**TASK DESCRIPTION:** Look over the entries and say how many lines include the word "Modern". Only the number, please.

[STORED DATA Boundary: Start]

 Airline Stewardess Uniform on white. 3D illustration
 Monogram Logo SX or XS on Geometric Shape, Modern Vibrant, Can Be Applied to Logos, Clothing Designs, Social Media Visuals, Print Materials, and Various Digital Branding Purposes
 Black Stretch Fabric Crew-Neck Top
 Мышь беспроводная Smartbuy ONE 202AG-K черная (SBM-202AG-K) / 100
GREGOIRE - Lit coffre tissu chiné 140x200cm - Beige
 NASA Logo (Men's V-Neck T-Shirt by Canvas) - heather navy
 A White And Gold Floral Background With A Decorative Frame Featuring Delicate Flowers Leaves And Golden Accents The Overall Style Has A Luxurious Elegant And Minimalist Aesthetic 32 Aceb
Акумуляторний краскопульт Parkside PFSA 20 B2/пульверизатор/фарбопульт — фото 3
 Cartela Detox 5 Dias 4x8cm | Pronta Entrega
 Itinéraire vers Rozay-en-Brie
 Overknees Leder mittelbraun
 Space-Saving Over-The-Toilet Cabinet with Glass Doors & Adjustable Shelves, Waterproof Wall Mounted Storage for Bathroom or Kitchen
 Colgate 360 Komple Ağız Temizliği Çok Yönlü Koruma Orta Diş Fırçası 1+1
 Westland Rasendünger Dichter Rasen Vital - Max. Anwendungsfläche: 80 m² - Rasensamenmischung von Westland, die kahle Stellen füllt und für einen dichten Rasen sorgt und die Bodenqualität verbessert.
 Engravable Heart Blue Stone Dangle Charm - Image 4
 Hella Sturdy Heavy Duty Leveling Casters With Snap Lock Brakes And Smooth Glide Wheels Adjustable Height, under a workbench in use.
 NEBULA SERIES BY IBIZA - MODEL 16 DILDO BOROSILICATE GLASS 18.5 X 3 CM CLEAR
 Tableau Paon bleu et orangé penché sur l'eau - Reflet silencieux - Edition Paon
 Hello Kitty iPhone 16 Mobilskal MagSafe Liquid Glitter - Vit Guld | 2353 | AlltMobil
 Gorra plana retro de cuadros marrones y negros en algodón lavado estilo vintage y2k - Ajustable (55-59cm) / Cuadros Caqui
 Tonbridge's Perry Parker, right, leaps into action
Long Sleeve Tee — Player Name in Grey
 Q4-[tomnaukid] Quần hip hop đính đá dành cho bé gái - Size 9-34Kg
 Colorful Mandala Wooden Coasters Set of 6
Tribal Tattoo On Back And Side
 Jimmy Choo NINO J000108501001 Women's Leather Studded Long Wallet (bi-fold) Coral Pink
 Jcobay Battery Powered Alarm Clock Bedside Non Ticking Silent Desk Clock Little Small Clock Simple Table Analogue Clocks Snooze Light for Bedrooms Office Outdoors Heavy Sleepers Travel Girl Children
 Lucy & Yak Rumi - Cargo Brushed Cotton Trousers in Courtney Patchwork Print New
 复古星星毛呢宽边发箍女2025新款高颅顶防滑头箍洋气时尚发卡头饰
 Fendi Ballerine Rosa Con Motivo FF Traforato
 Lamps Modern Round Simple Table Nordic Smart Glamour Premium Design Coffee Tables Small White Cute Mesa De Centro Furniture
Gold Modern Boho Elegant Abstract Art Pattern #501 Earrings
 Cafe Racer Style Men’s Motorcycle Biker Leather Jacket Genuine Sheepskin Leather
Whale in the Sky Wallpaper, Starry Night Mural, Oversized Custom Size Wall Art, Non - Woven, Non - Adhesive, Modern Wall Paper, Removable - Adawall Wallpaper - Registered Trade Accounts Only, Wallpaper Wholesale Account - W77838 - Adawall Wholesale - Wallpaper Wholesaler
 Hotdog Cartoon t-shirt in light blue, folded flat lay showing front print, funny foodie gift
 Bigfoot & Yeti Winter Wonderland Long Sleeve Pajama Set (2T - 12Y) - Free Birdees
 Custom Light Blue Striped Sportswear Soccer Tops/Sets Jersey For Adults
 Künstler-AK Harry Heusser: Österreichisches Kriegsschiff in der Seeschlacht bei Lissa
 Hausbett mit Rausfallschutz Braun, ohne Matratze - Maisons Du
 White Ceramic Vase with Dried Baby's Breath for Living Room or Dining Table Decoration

[STORED DATA Boundary: End]

**OUTPUT OF THE TASK:** 4